-- TASK DATA follows --

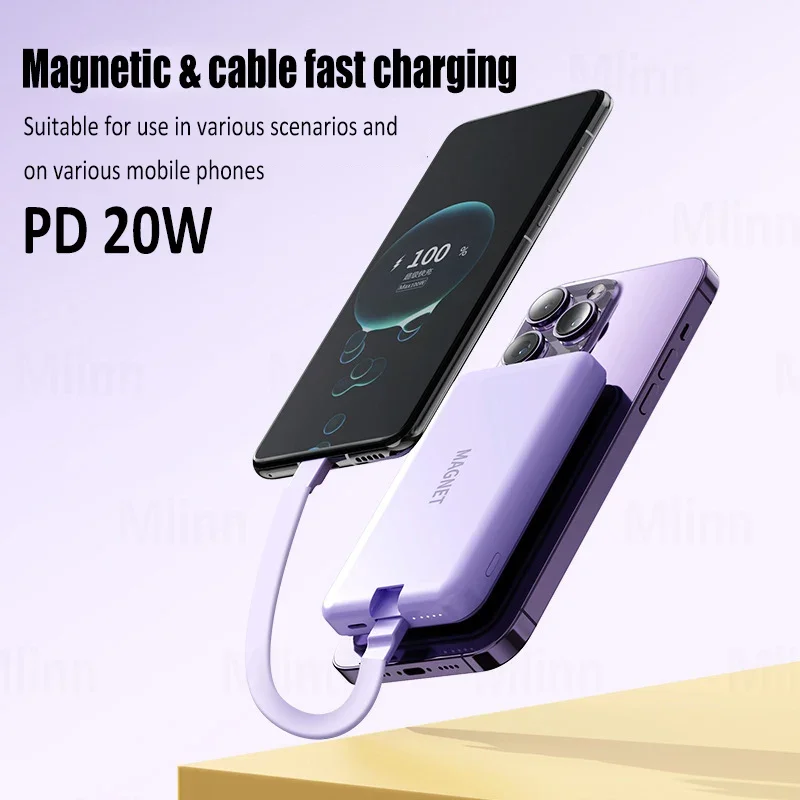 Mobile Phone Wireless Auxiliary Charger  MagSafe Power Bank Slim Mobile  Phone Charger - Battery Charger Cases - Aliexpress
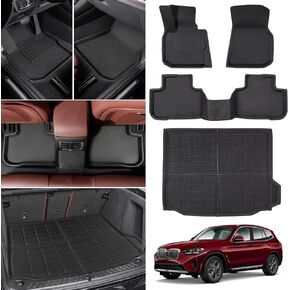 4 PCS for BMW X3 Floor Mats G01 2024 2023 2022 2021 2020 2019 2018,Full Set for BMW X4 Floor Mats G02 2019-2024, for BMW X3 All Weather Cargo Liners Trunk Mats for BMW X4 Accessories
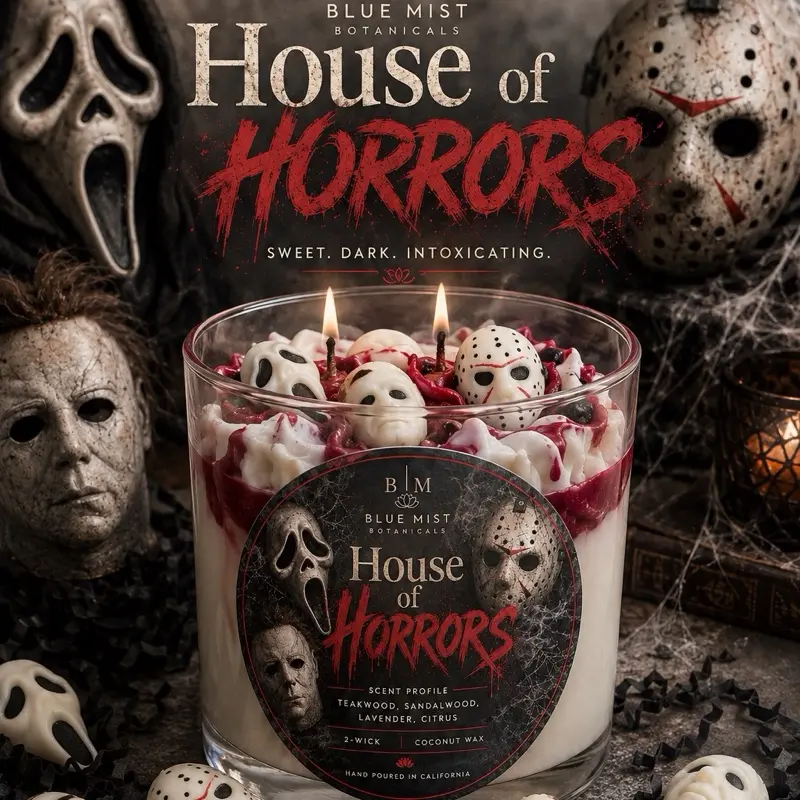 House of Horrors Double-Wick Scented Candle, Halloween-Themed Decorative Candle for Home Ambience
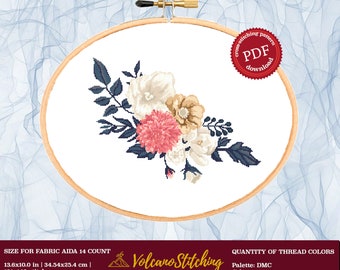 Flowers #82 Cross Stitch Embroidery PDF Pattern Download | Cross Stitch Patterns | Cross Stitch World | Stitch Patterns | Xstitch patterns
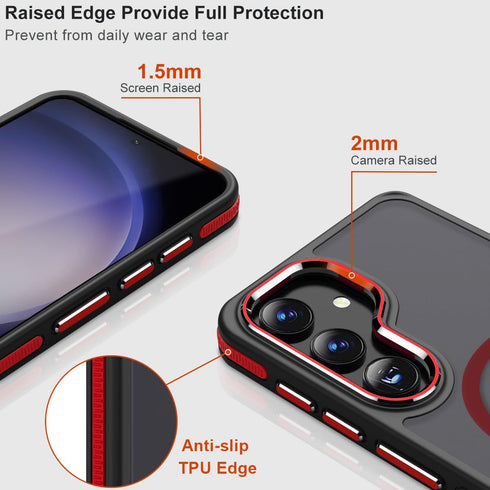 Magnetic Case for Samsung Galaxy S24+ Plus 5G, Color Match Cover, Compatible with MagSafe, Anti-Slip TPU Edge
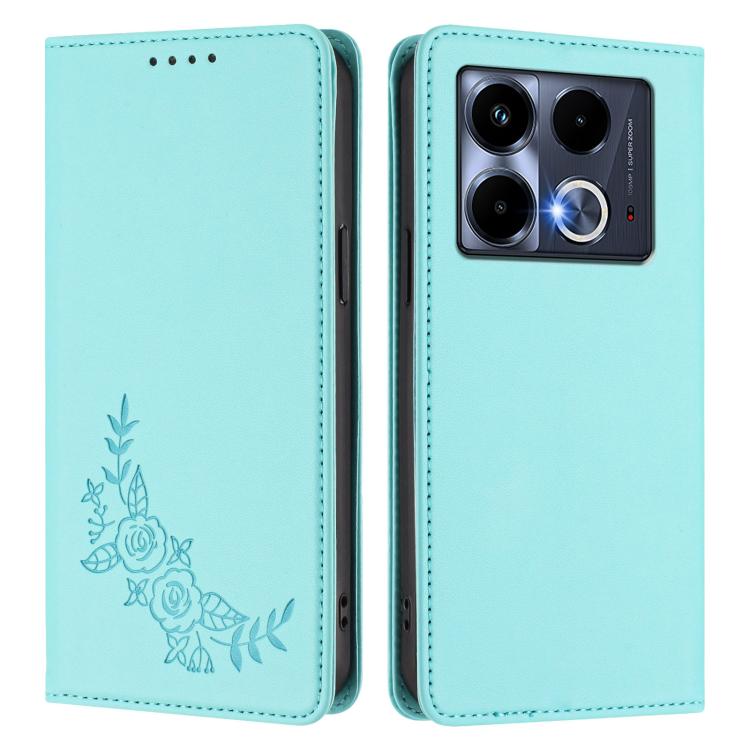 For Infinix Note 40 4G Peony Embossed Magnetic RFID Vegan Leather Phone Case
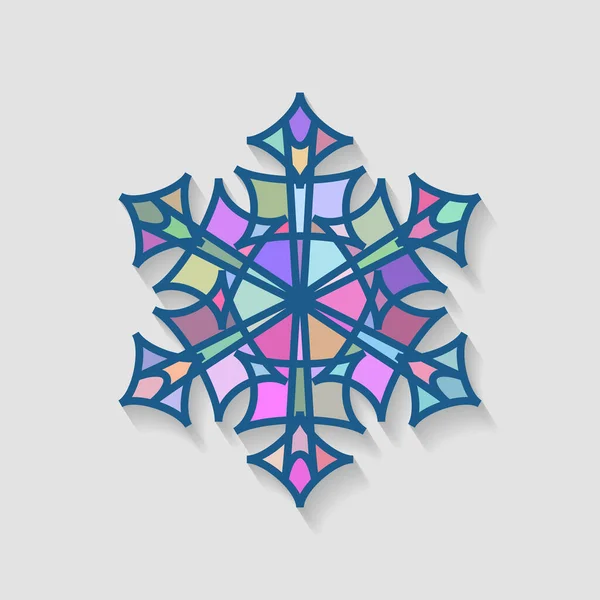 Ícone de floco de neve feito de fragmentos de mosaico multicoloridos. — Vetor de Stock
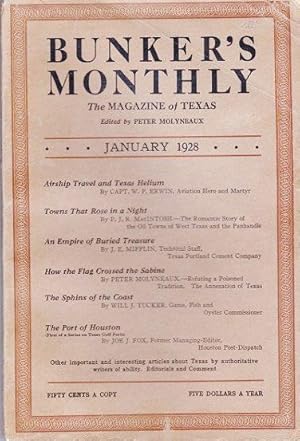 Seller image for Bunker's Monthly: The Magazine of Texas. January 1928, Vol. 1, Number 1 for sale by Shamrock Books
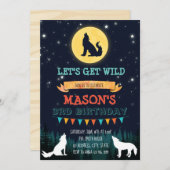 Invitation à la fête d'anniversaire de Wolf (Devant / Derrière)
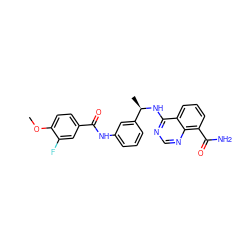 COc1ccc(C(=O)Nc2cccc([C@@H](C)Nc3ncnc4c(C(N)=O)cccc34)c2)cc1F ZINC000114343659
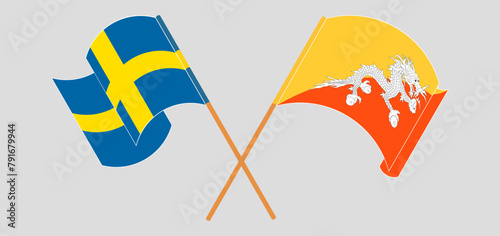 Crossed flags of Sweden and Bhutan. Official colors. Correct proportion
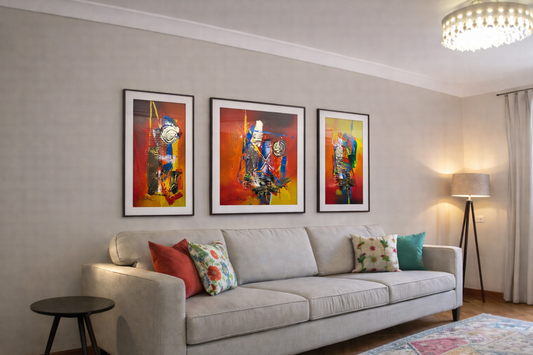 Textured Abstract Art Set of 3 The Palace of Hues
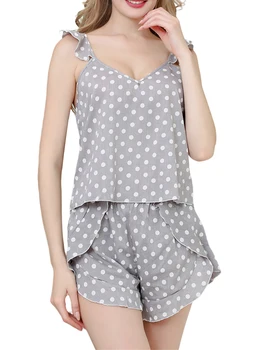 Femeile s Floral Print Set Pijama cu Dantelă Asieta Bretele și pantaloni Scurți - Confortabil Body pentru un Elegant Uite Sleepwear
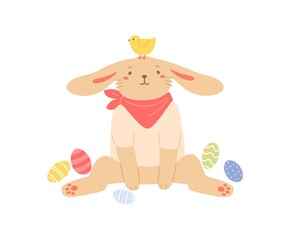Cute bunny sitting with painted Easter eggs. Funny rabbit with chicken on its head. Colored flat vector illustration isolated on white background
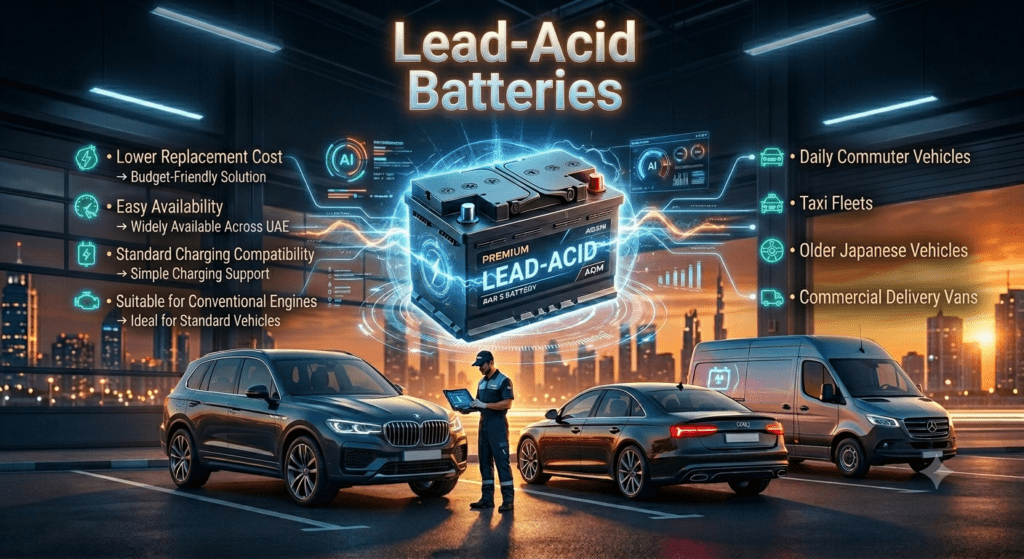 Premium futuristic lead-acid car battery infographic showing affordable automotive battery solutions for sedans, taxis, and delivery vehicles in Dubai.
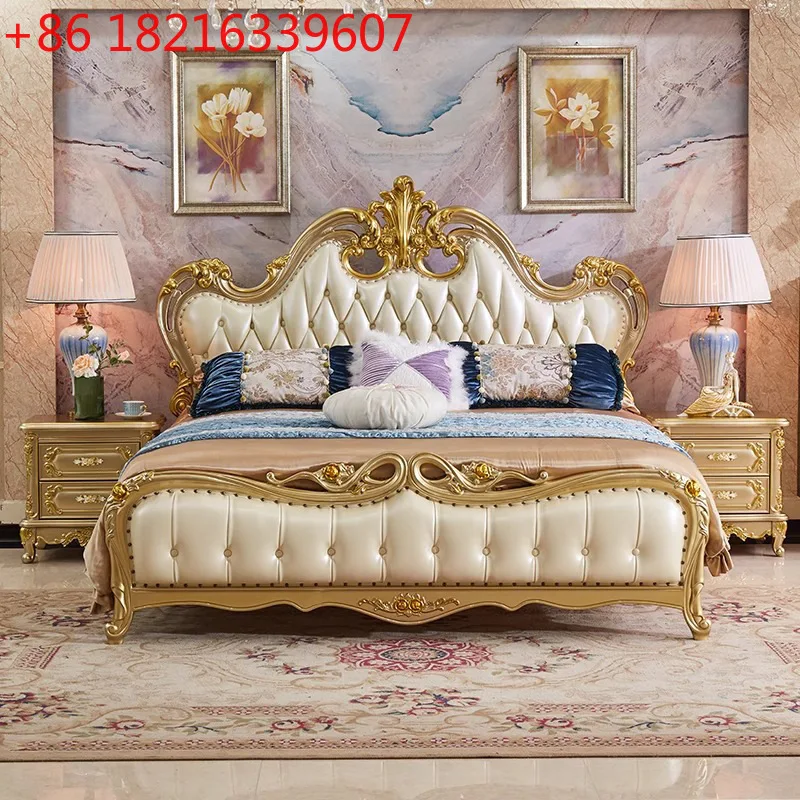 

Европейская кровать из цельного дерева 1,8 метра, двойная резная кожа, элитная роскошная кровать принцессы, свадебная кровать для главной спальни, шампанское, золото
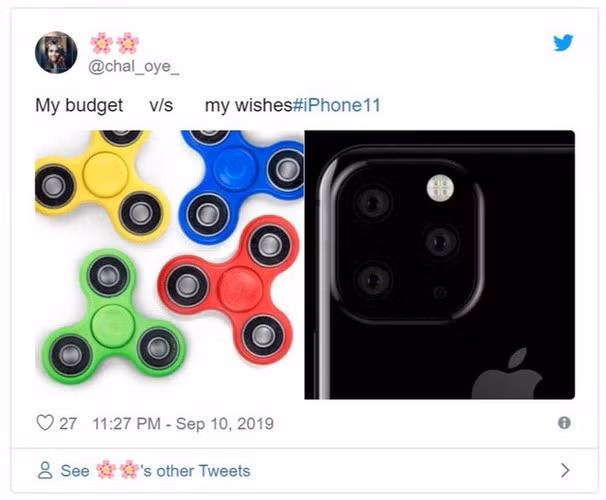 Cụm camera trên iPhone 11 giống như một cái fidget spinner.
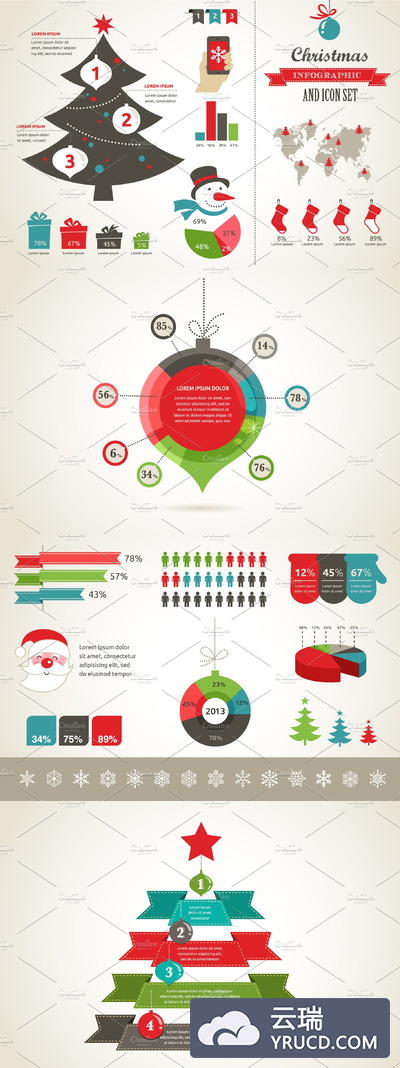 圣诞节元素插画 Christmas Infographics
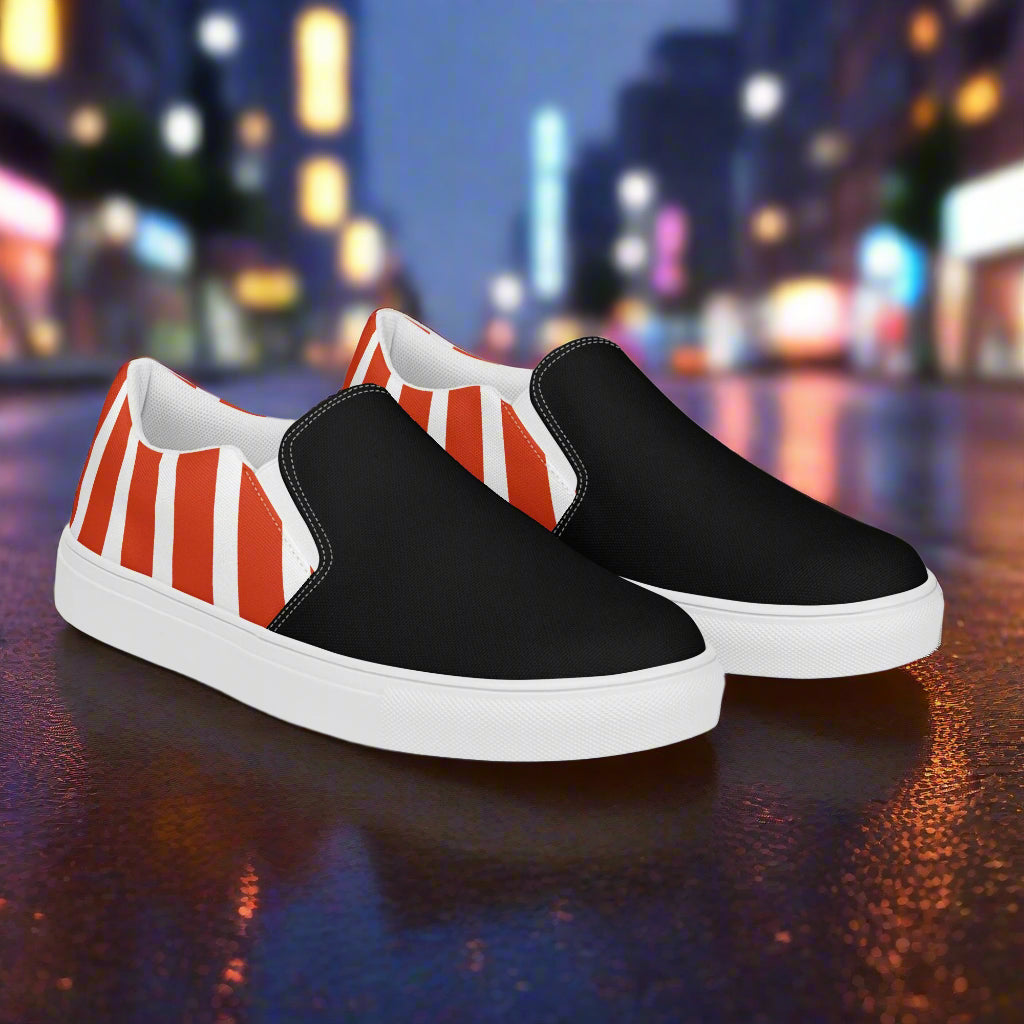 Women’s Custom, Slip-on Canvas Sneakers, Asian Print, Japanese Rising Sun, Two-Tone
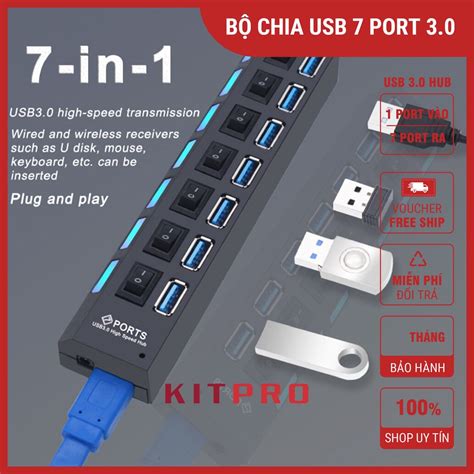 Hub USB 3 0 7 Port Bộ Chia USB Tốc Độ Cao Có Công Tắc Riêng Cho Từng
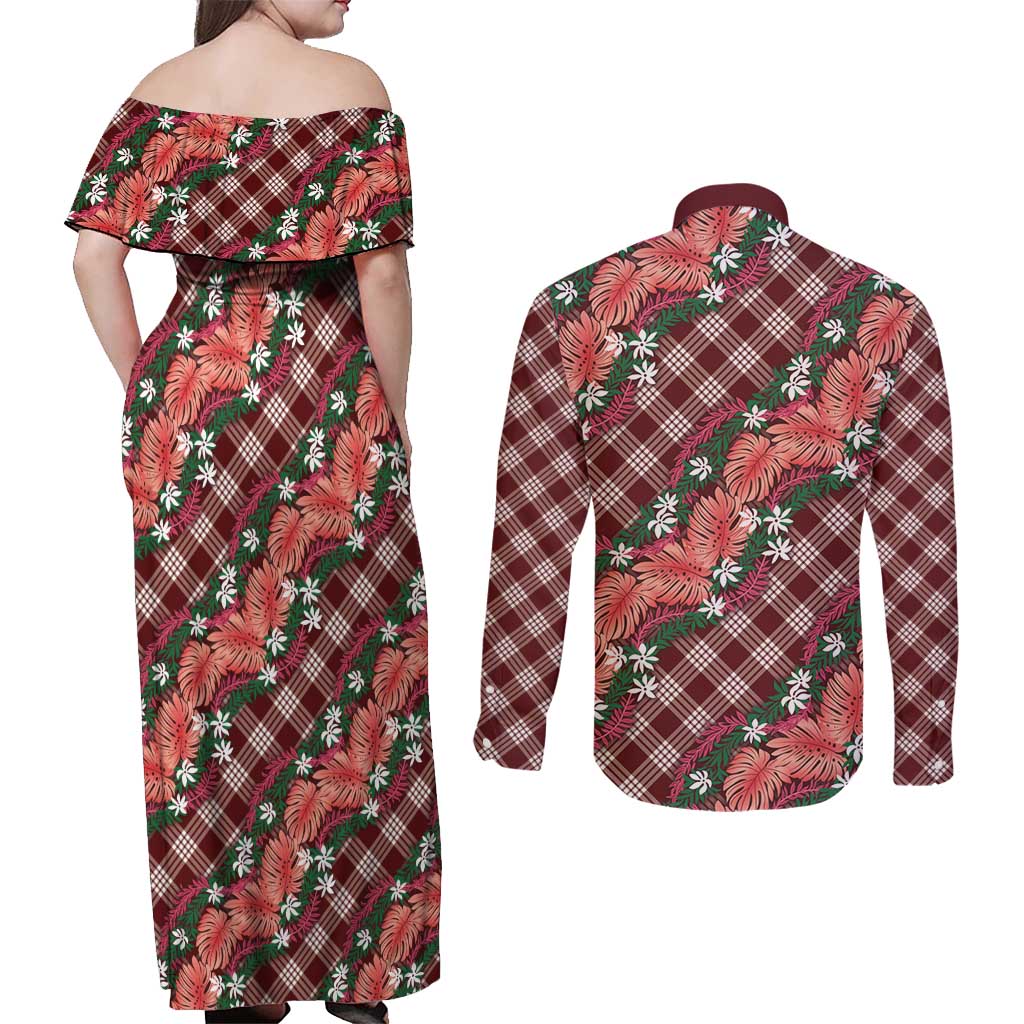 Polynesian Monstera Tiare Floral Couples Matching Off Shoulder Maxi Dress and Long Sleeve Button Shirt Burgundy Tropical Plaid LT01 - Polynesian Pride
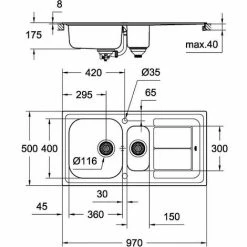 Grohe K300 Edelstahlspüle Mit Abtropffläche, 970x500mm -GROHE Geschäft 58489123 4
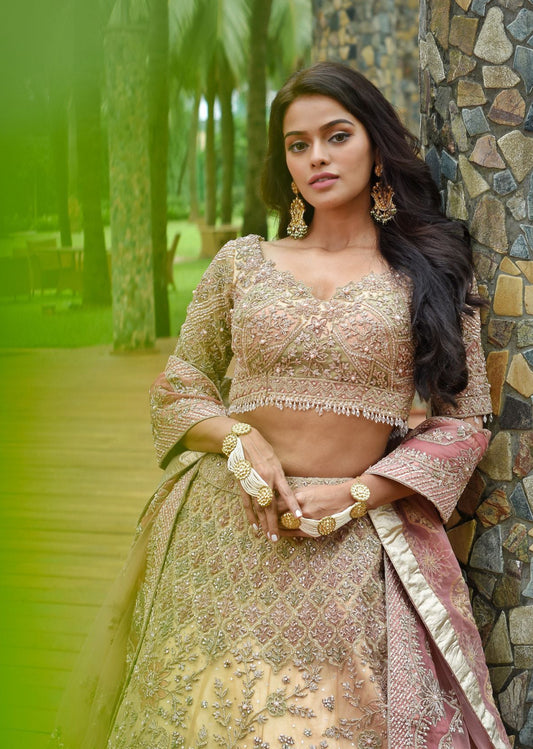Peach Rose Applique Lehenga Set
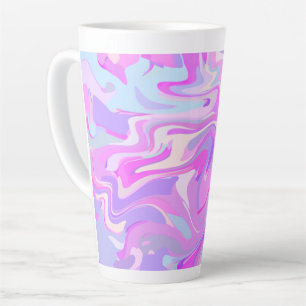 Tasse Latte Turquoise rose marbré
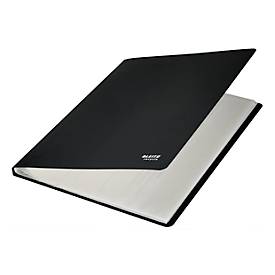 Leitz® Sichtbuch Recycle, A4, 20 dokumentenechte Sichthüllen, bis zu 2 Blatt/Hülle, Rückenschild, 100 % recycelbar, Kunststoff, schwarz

-- TASK DATA concluded --

> _GOAL OF THE EXERCISE_: Reproduce exactly the lines of the entries above from the first through the line with "For Infinix Note", both included; pictures should not be reproduced.

> _ANSWER SECTION_:
 Mobile Phone Wireless Auxiliary Charger  MagSafe Power Bank Slim Mobile  Phone Charger - Battery Charger Cases - Aliexpress
 4 PCS for BMW X3 Floor Mats G01 2024 2023 2022 2021 2020 2019 2018,Full Set for BMW X4 Floor Mats G02 2019-2024, for BMW X3 All Weather Cargo Liners Trunk Mats for BMW X4 Accessories
 House of Horrors Double-Wick Scented Candle, Halloween-Themed Decorative Candle for Home Ambience
 Flowers #82 Cross Stitch Embroidery PDF Pattern Download | Cross Stitch Patterns | Cross Stitch World | Stitch Patterns | Xstitch patterns
 Magnetic Case for Samsung Galaxy S24+ Plus 5G, Color Match Cover, Compatible with MagSafe, Anti-Slip TPU Edge
 For Infinix Note 40 4G Peony Embossed Magnetic RFID Vegan Leather Phone Case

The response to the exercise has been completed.